President Donald Trump canceled a planned military strike on Iran scheduled for Tuesday. The decision came after leaders from allied Persian Gulf nations urgently asked him to give diplomatic efforts more time. The sudden reversal avoids a major escalation in the ongoing conflict, which has already choked off vital oil shipments and shaken global markets.
During a White House event on Monday evening, Trump explained his reasoning to reporters. He noted that leaders from Saudi Arabia, Qatar, the United Arab Emirates, and other regional powers asked him to delay the attack for a few days. They believe negotiators are getting very close to finalizing a peace deal. Trump stated he put the strike on hold for a little while, adding that he hopes the delay lasts forever. However, he warned that the military remains ready to act if the two sides cannot reach an acceptable agreement that prevents Iran from obtaining nuclear weapons.

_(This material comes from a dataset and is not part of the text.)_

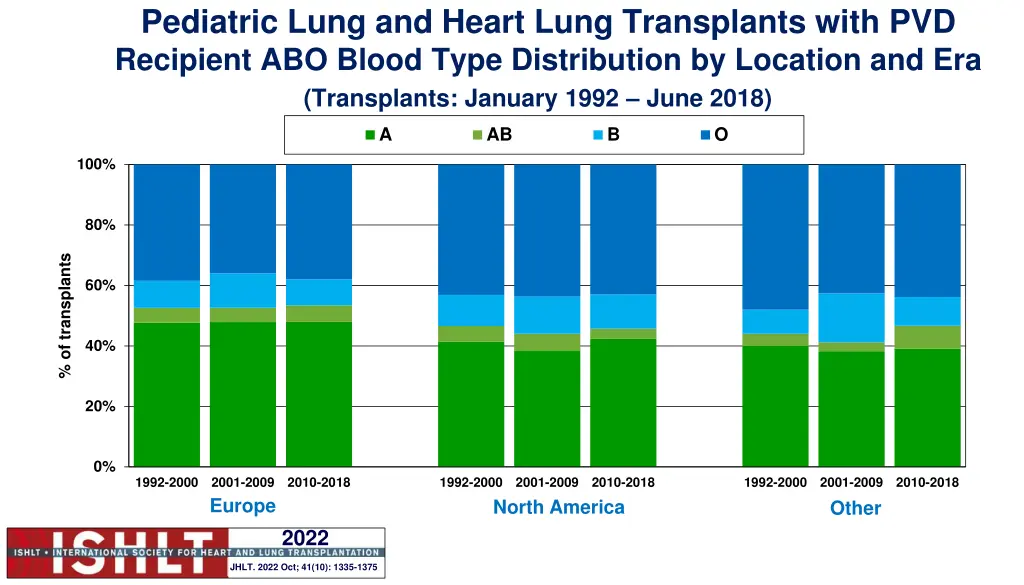 pediatric lung and heart lung transplants with 3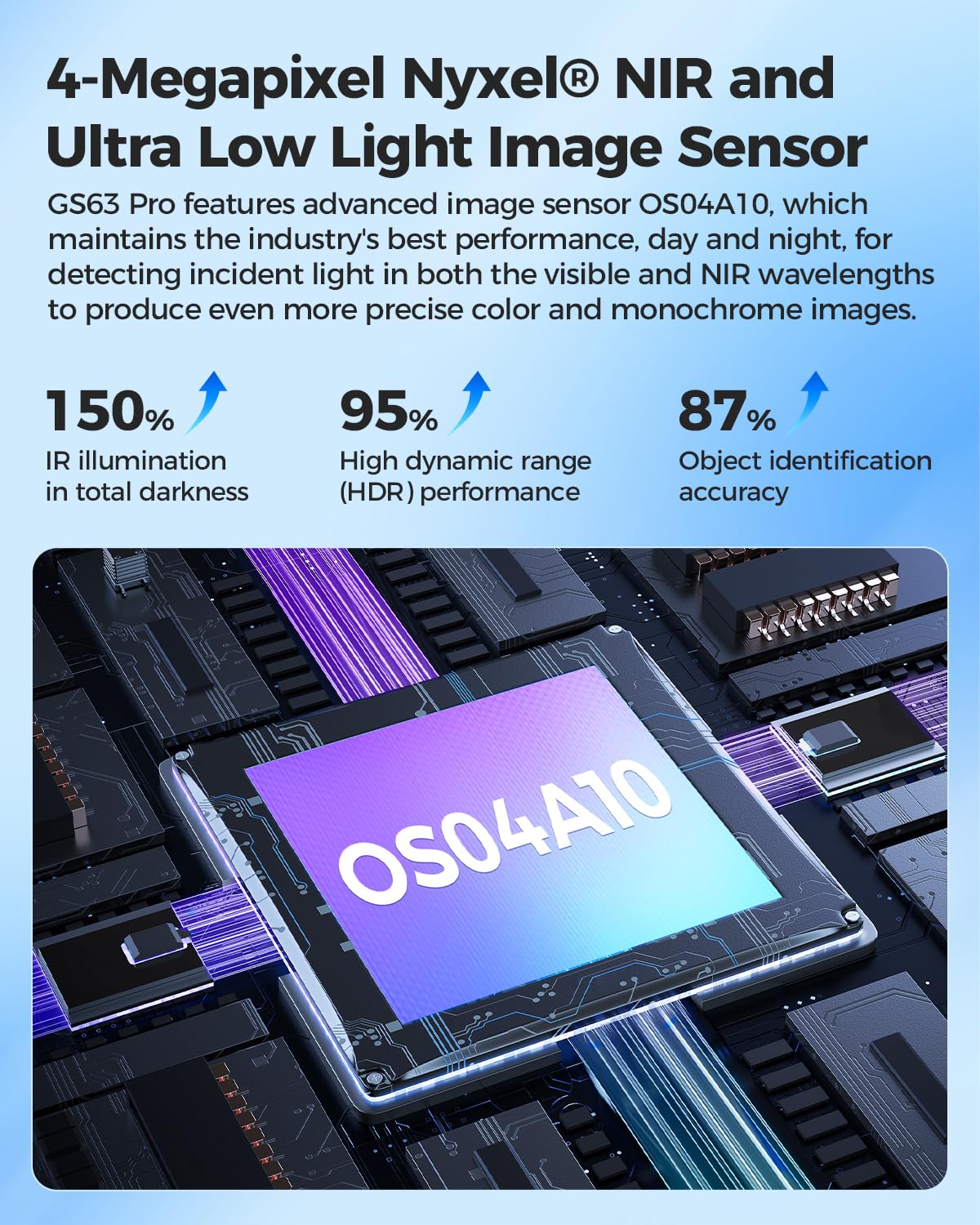 Azdome 4K Hdr Dash Cam Front And Rear, 128Gb Emmc, 4 Megapixel Image Sensor, Adas, Smart Dash Camera With 5Ghz Wifi Gps 24H Park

The news immediately sent ripples through the financial markets. Traders closely watched the mixed signals regarding a potential end to the war and the reopening of the crucial Strait of Hormuz. Stock markets experienced a choppy trading session, with the S&P 500 nearly wiping out its early morning losses right after Trump spoke.
Energy markets also reacted sharply to the reduced threat of immediate military escalation. Light crude oil prices fell 1.64 percent to sit at 102.67 USD per barrel. Brent crude oil experienced a steeper drop, falling 2.17 percent to reach 109.67 USD per barrel. Meanwhile, natural gas prices remained relatively steady, dipping just 0.03 percent to trade at 3.023 USD per million British thermal units.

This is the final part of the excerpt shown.